The battle between Judah and Rocky not to fall asleep first created a pleasing and humorous, intimate atmosphere between them that ignited an odd friendship I found myself needing more than I thought I needed. 

Then came the “moment.” 

It’s the arrogant Judah who ends up winning the battle of wills. In the end, he is the first to wake up when the quarantine pass officer appears at their door. However, during his search for a pen, Judah becomes impatient and opens Rocky’s backpack and finds a resume and yellow slips. The resume is pretty obvious, but the slips of paper are receipts showing that Rocky has been sending money back home and taking care of his family.

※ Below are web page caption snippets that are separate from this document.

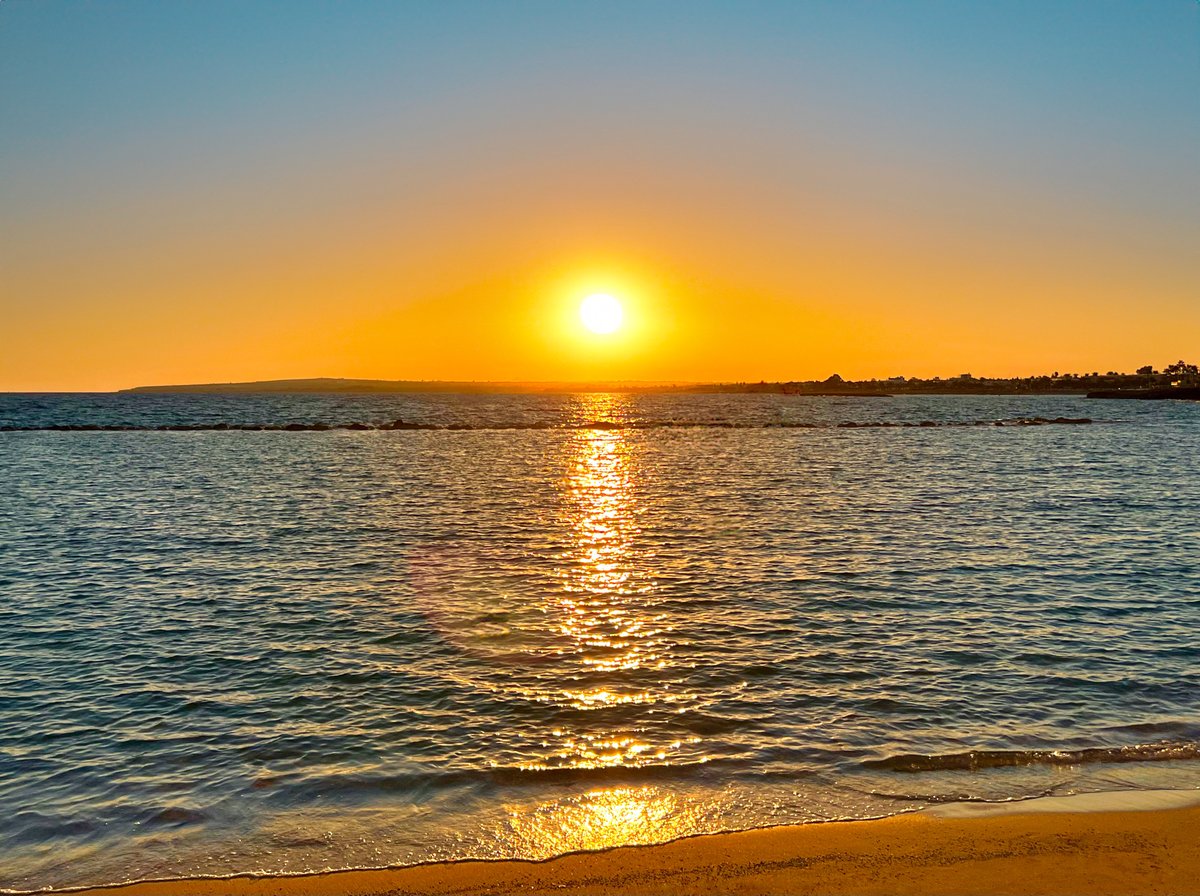 Mindfulness creates awareness which helps you pursue the whispers of your beautiful dreams, leading to a sense of fulfillment and happiness. It’s a journey that aligns your actions with your deepest desires and allows you to carry out your life’s passions and live a life that is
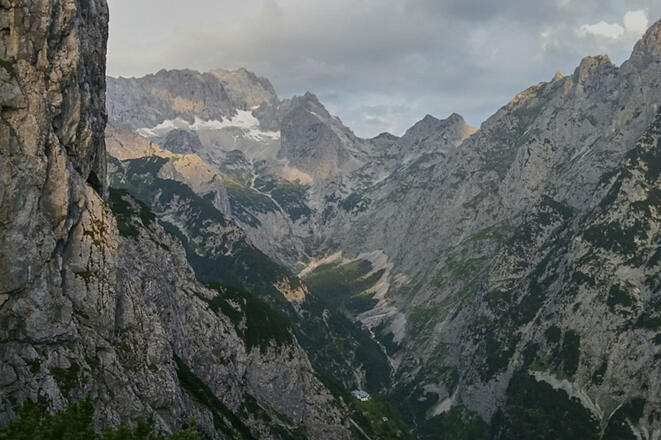 Im Abstieg vom Hupfleitenjoch ins Höllental: Blick zur Zugspitze
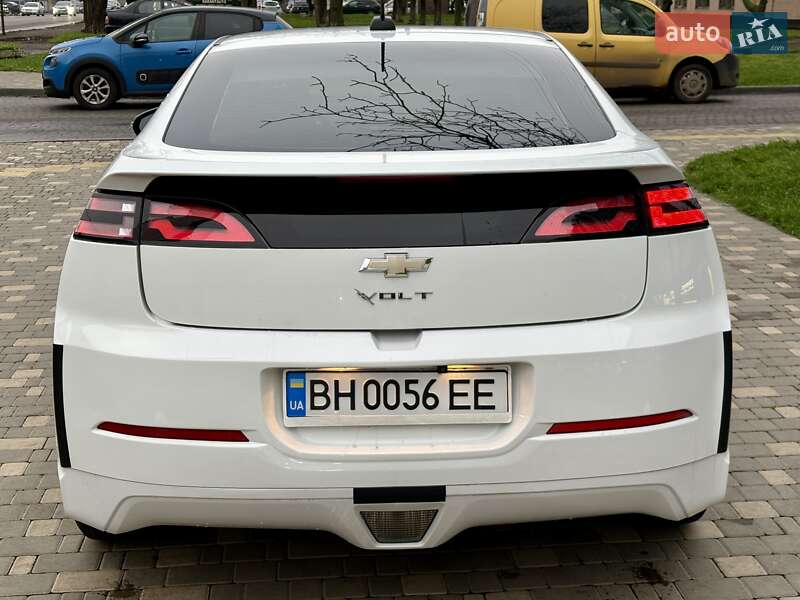 Хэтчбек Chevrolet Volt 2015 в Одессе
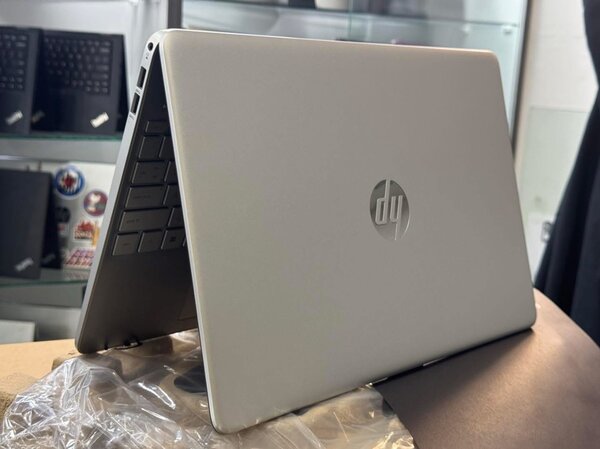 HP 15s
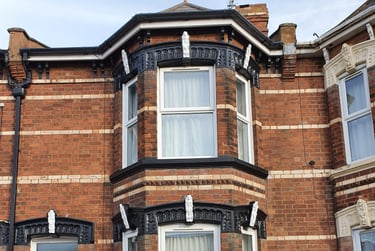 5 bed house, Polsloe Road, Mount Pleasant, Exeter, EX12HL - Image 1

Right then and there, Judah suddenly shifts from an arrogant overachiever to a sacrificing friend, and that did it for me. In the search for a pen, Judah discovers things about Rocky that has him signing off on the pass using Rocky’s name instead of his. This selfless act was my “moment,” the moment I knew I needed to watch more than just one episode. Judah’s smile at the end certainly didn’t hurt. 

The production is good enough to warrant a full drama watch, but the two lead actors carry it for me. Also, I wouldn’t mind a little talk with the set designer because I adored the orange color scheme Judah had going for him in his room. Only I’ll take that in green, please. After episode one, I have high hopes that “Quaranthings the Series” will end up being a quality drama in a BL world saturated with new releases.